_What is expected_
Print exactly the line that contains "GTA San Andreas" along with every line beneath it to the end of the records below, and omit pictures.
== Given records
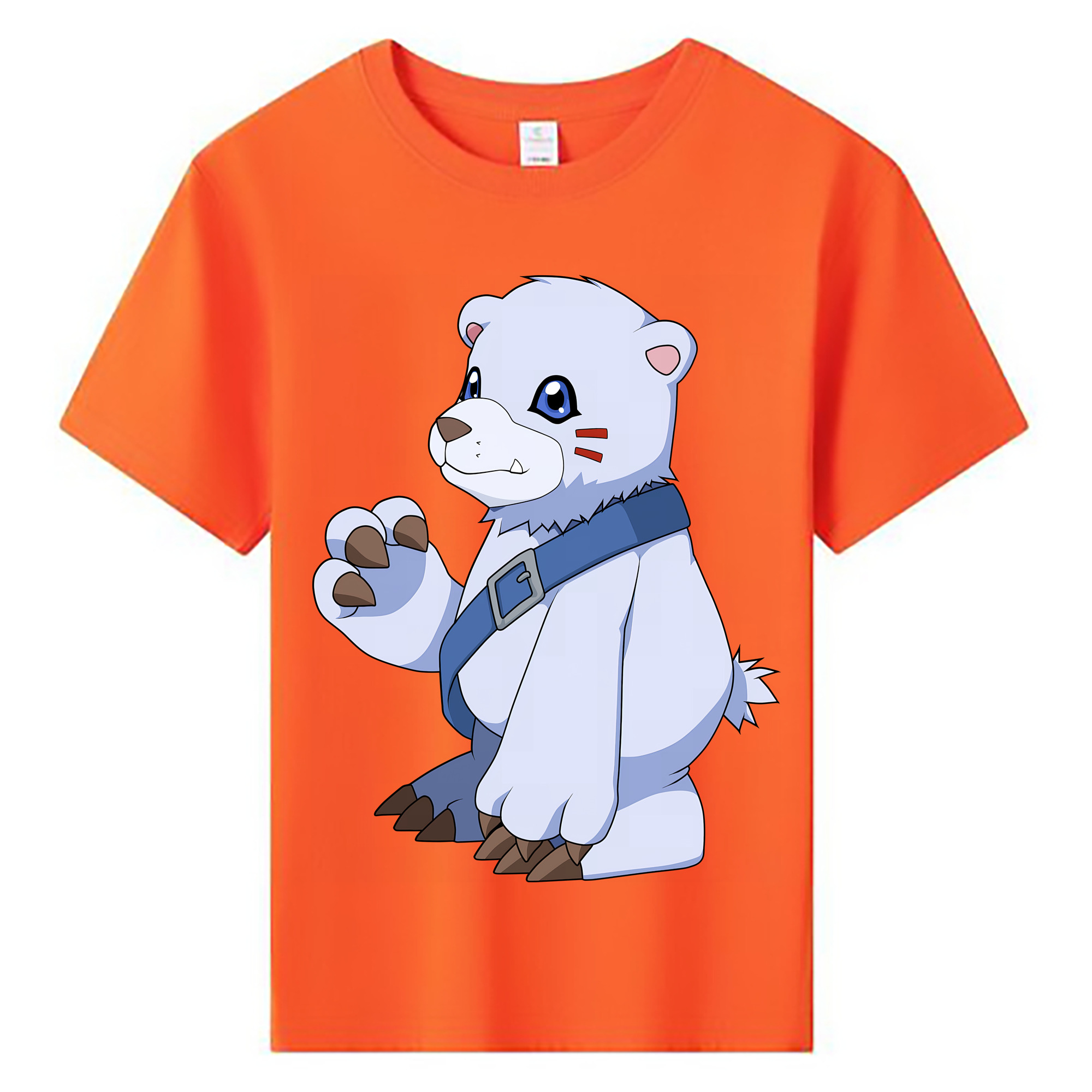 （画像用） Digimon デジタルモンスター/デジモン 綿100％キッズTシャツ（フロントプリント）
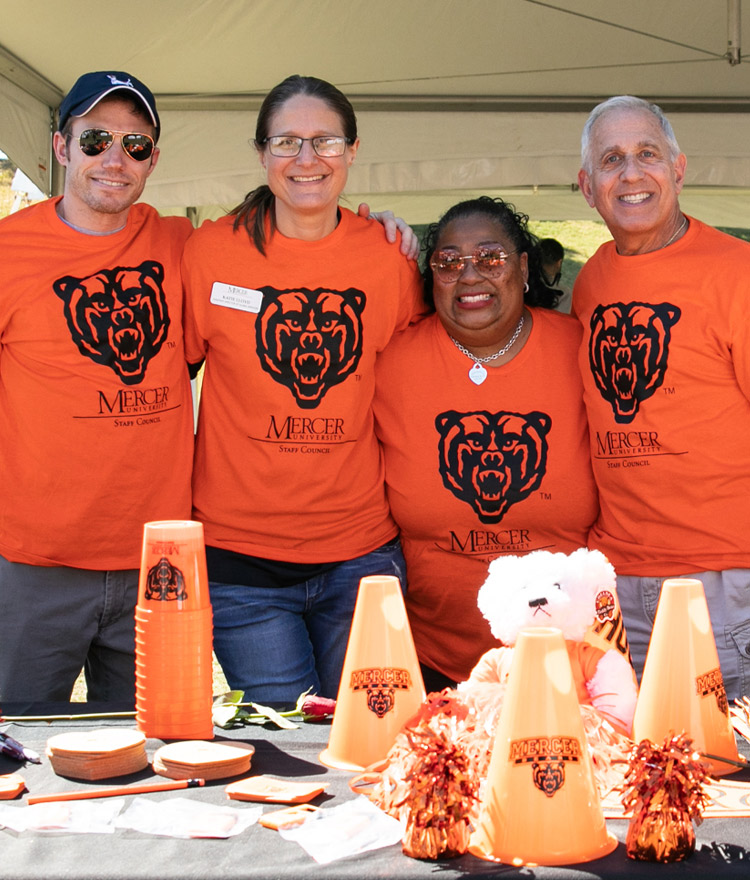 Mercer Staff Council Members pose for a photo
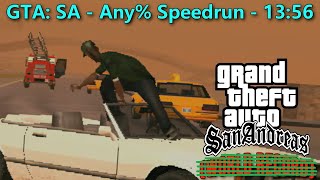 GTA San Andreas - Any% speedrun [13:56] WORLD RECORD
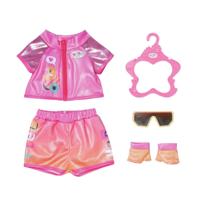 Baby Born Fiets Outfit 43 cm Roze/Oranje Baby Born Fiets Outfit 43 cm Roze/Oranje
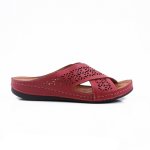 Lyme Red - Red 42 Leather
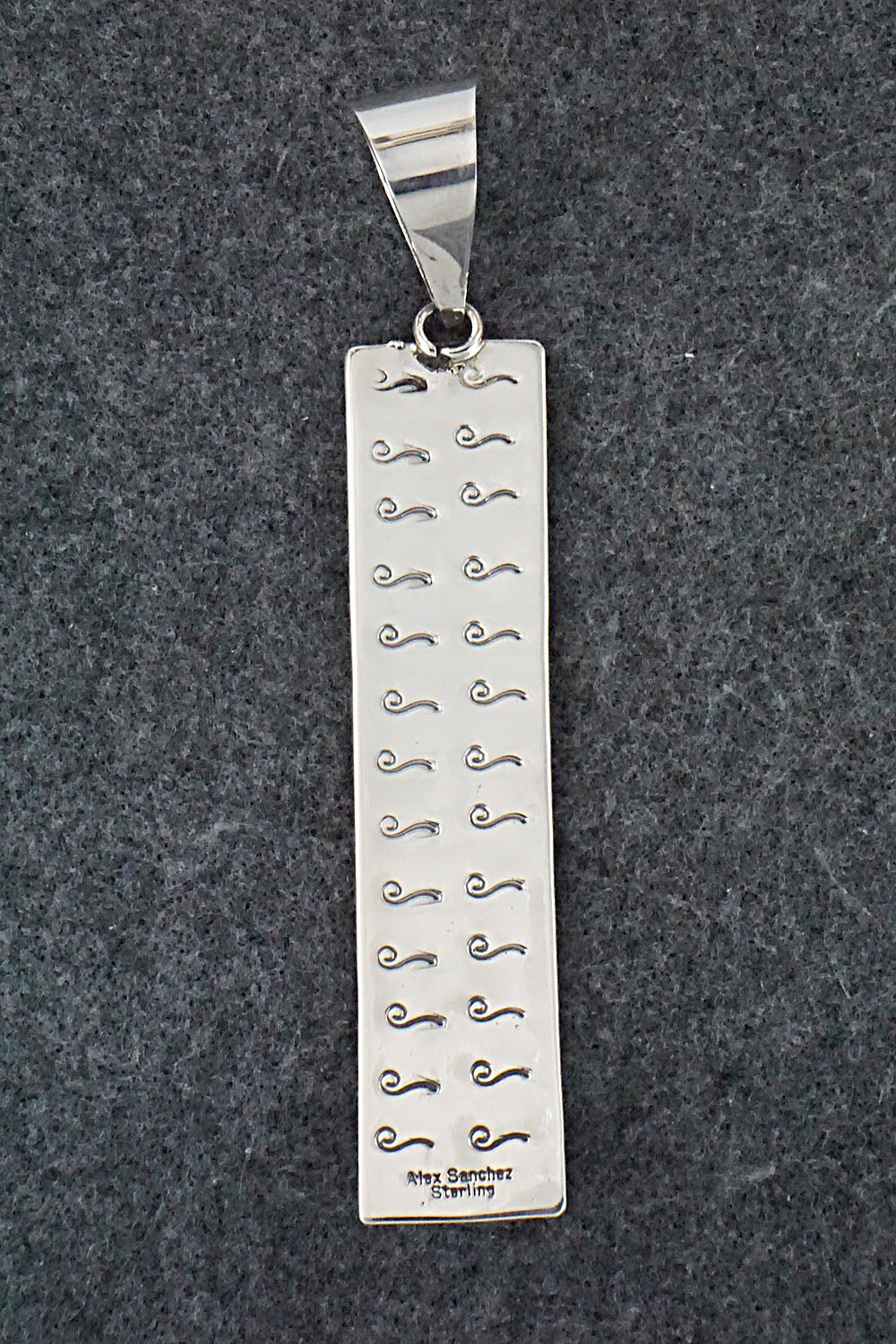 Turquoise & Sterling Silver Pendant - Alex Sanchez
====
_Solution to the problem_
 GTA San Andreas - Any% speedrun [13:56] WORLD RECORD
 Baby Born Fiets Outfit 43 cm Roze/Oranje Baby Born Fiets Outfit 43 cm Roze/Oranje
 Lyme Red - Red 42 Leather
 Turquoise & Sterling Silver Pendant - Alex Sanchez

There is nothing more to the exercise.